Fears in recent days that Greece was heading rapidly toward a chaotic default have sent interest rates on 10-year Greek government bonds to a record high of 25.3 per cent, more than 23 points higher than the German equivalent.
A spread that wide suggests investors have become convinced Greece will default.
The finance ministers from the wider 17-nation eurozone will meet to discuss the debt crisis on Friday in Poland.
They will be joined by U.S. Treasury Secretary Timothy Geithner, who insisted Wednesday that European leaders are ready to do more to support the euro from the debt crisis that is crippling Greece and shaking global markets.
- European Commission President Jose Manuel Barroso said it will introduce options soon for the introduction of euro areas bonds, but warned that the scheme would not end to the crisis. Germany has opposed to the plan, aimed at spreading the default risk among stronger European economies.
- Chinese premier Wen Jiabao said his government remains committed to investing in Europe.
- The European Central Bank said two banks it didn’t identify borrowed American dollars from it. It was the second time in a month the ECB had lent to banks and another sign that financial institutions in the eurozone are finding it difficult to raise funding at affordable rates.
Geithner sought to convince markets that European governments understood the severity of the crisis and that more would need to be done.
He said European governments have to make it clear they "stand behind" the financial system so that it can fund and finance the economic recovery.
He said Europe's leaders, including Merkel, know they've "been behind the curve" and have the financial capacity "to do what it takes to hold this thing together."
As treasury chief and previously in his role as head of the New York Federal Reserve, Geithner has been central in the U.S. response to the financial crisis that flared up after the collapse of Lehman Brothers investment bank in 2008.
Geithner dismissed suggestions Europe was about to have its own Lehman moment.
"Europe has a tradition of much more indulgence, support for their institutions.…there is no chance that the major countries of Europe will let their institutions be at risk," Geithner said.
Merkel sought to calm fears this week and distanced herself from comments by her vice-chancellor and others who suggested a Greek bankruptcy was possible.
Greece relies on funds from last year's €110 billion ($152 billion) international bailout to continue servicing its debt and pay salaries and pensions.

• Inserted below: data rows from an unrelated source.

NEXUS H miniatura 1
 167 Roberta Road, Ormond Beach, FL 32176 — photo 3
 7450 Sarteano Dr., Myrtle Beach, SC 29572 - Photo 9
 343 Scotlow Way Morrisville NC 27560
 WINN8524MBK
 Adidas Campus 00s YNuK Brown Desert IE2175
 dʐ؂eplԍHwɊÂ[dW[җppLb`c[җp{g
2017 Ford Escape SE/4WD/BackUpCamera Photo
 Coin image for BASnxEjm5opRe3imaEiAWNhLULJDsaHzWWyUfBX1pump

But the lifeline could be cut if the country continues to miss strict fiscal and reform targets set as a condition of receiving the rescue loans.
The main fear of a Greek bankruptcy is that it could destabilize other financially troubled European countries, potentially causing defaults in Portugal, Ireland, Spain or Italy.
It would also have a knock-on effect on banks, many of which are large holders of Greek government bonds.